In the fall of 1941, the German army approached the outskirts of Leningrad, signaling the beginning of what would become a long and torturous siege. In the coming months, the city’s inhabitants would brave starvation and the bitter cold, all while fending off the constant German onslaught. Marina, then a tour guide at the Hermitage Museum, along with other staff members, was instructed to take down the museum’s priceless masterpieces for safekeeping, yet leave the frames hanging empty on the walls—a symbol of the artworks’ eventual return. To hold on to sanity when the Luftwaffe’s bombs began to fall, she burned to memory, brush stroke by brush stroke, these exquisite artworks: the nude figures of women, the angels, the serene Madonnas that had so shortly before gazed down upon her. She used them to furnish a “memory palace,” a personal Hermitage in her mind to which she retreated to escape terror, hunger, and encroaching death. A refuge that would stay buried deep within her, until she needed it once more. . . . 

Seamlessly moving back and forth in time between the Soviet Union and contemporary America, The Madonnas of Leningrad is a searing portrait of war and remembrance, of the power of love, memory, and art to offer beauty, grace, and hope in the face of overwhelming despair. Gripping, touching, and heartbreaking, it marks the debut of Debra Dean, a bold new voice in American fiction.

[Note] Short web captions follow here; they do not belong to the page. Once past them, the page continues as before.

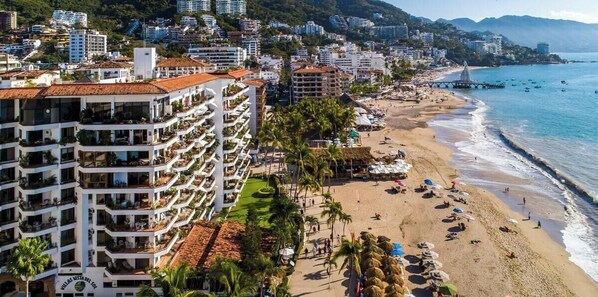 A coastal hotel with multiple balconies, a beach, and a view of the sea.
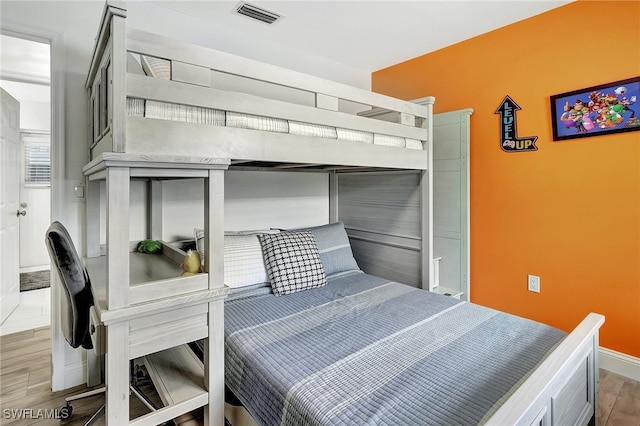 bedroom featuring hardwood / wood-style floors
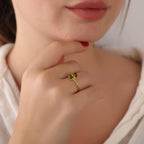 Close-up of a hand wearing a gold ring with a green gemstone, touching the chin.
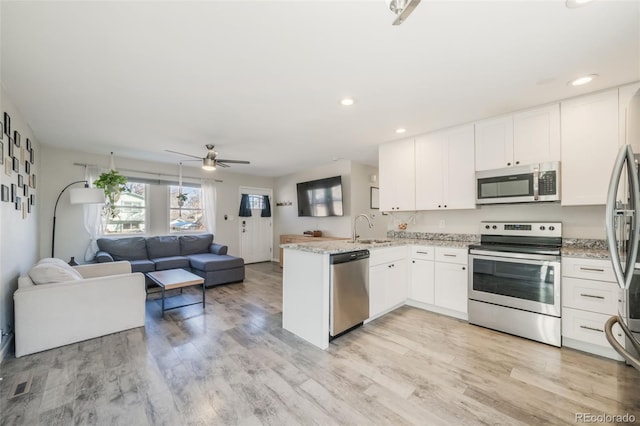 2240 Flintwood Dr, Colorado Springs, CO 80910 - kitchen with appliances with stainless steel finishes, open floor plan, a peninsula, white cabinetry, and a ceiling fan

Praise for The Madonnas of Leningrad

“A novel that dares to be beautiful—and fully succeeds.” The Daily Mail (London)

"Dean writes with passion and compelling drama." People Magazine

“[A] heartfelt debut . . .Admirably humane in its determination to restore the dignity Alzheimer’s strips away. What’s more, it largely avoid the sentimentality that mars so much writing about the old and infirm.” New York Times Book Review

"[Dean's] descriptive passages and dialogue are painteresque and exquisitely drawn.” USA Today

"Rare is the novel that creates that blissful forgot-you-were-reading experience. This sort of transcendence is rarer still when the novel in question is an author's debut, but that is precisely what Debra Dean has achieved with her image-rich book...” Seattle Post-Intelligencer

This sumptuously elegant and emotionally moving first novel . . . will linger with you long after you’ve finished it . . . Exhilarating fiction . . . luminous and lovely throughout.” Providence Journal

“[A] remarkable first novel first novel about the consolation of memory . . . One of the pleasures of this novel, besides the splendid, understated writing and the insight Dean offers into surviving at all costs through inhuman conditions, is that after I’d finished the book I felt as though I’d had a long visit to the Hermitage, wandering through its unrivaled collection. NPR, “Nancy Pearl Book Review”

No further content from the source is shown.